Where is Fourier()

In the demo on spectral methods found at
there is a call to Fourier(). I cannot figure out which module it is in. Could somebody please let me know? Also, what is the best way to find that module that contains a particular method is the module is not yet `added via the package manager.

Here is my own pseudo spectral code to solve Burger’s equation using Euler method, although I can obviously upgrade to any temporal solver for higher order results:

using Plots
using FFTW

# Solve Burger's equation via pseudospectral method. 
# Use periodic boundary conditons
# u_t + u u_x = ν u_xx
# Let uhat = F(u) be the Fourier transform of u
# In Fourier space, Burgers equation becomes
# uhat_t + i k uhat = ν k^2 uhat
# Given uhat, its spatial derivative is given by
# uhat_x = i k uhat

# Define the domain
Lx = 2π
Nx = 512
# Periodic x domain
x = range(0, Lx, length=Nx+1)[1:end-1]
dx = x[2] - x[1]
T = 1.0
Nt = 400
dt = T / Nt
μ = 0.01

u0 = sin.(3 .* x)
frequ = fftfreq(129)*129 |> collect

# Functions to simoplify Collocation method
function derivs(u, freq)
    uhat = rfft(u)
    uhatk = im .* freq .* uhat
    uhatkk = -freq.^2 .* uhat
    ux = irfft(uhatk, length(u))
    uxx = irfft(uhatkk, length(u))
    return ux, uxx

u0 = sin.(1 .* x)
Nh = div(Nx, 2) + 1
frequ = fftfreq(Nh)*Nh |> collect
ux, uxx = derivs(u0, frequ)

plot!(uxx / 9.)

# Euler
# Save solution ever step iterations for plotitng
nstep = 1
# usave: list of solution
usave = []
sol = zeros(Float64, Nx, Nt)
sol[:, 1] = u0
push!(usave, copy(u0));
u = copy(u0)
for i in 2:Nt
    ux, uxx = derivs(u, frequ)
    u .= u + dt .* (μ * uxx - u .* ux)
    if i % nstep == 0
        sol[:,i] = copy(u)
        push!(usave, copy(u))

plot(x, usave[1])
for i in 2:20:400
    p = plot!(x, usave[i], c=:red, alpha=i/400)

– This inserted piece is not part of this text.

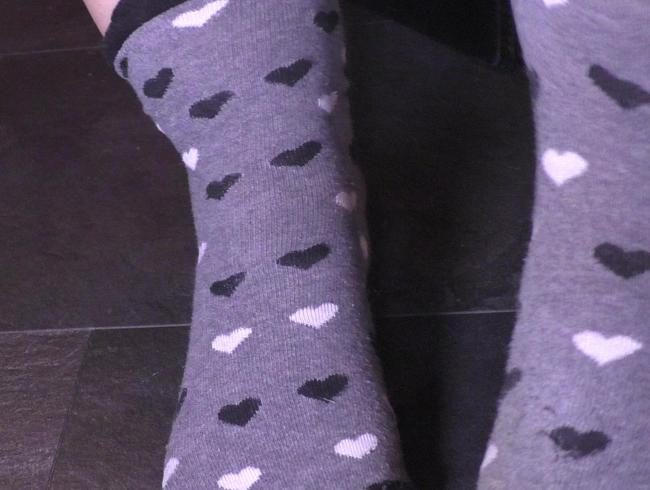 Herzchensocken anziehen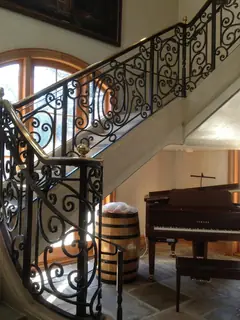 Ornamenterad trappa vid piano.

Any improvements to this code are welcome. It runs extremely fast.

Where is Fourier?
At Père Lachaise in Paris.


I knew that! Note the brackets though. :slight_smile:


It’s an approximation space from ApproxFun: Spaces · ApproxFun.jl

1 Like

Try @which or @less perhaps.

julia-1.9> @which Fourier()
(ApproxFunBase.SumSpace{Tuple{CosSpace{DD, RR}, SinSpace{DD, RR}}, DD, RR} where {DD, RR})()
     @ ApproxFunFourier ~/.julia/packages/ApproxFunFourier/qgHBD/src/ApproxFunFourier.jl:423
1 Like

Thank you both! I had checked all the functions in all the packages manually, but did not find the method. I obviously missed because it is indeed there! I did not think of @which. My bad. Thanks.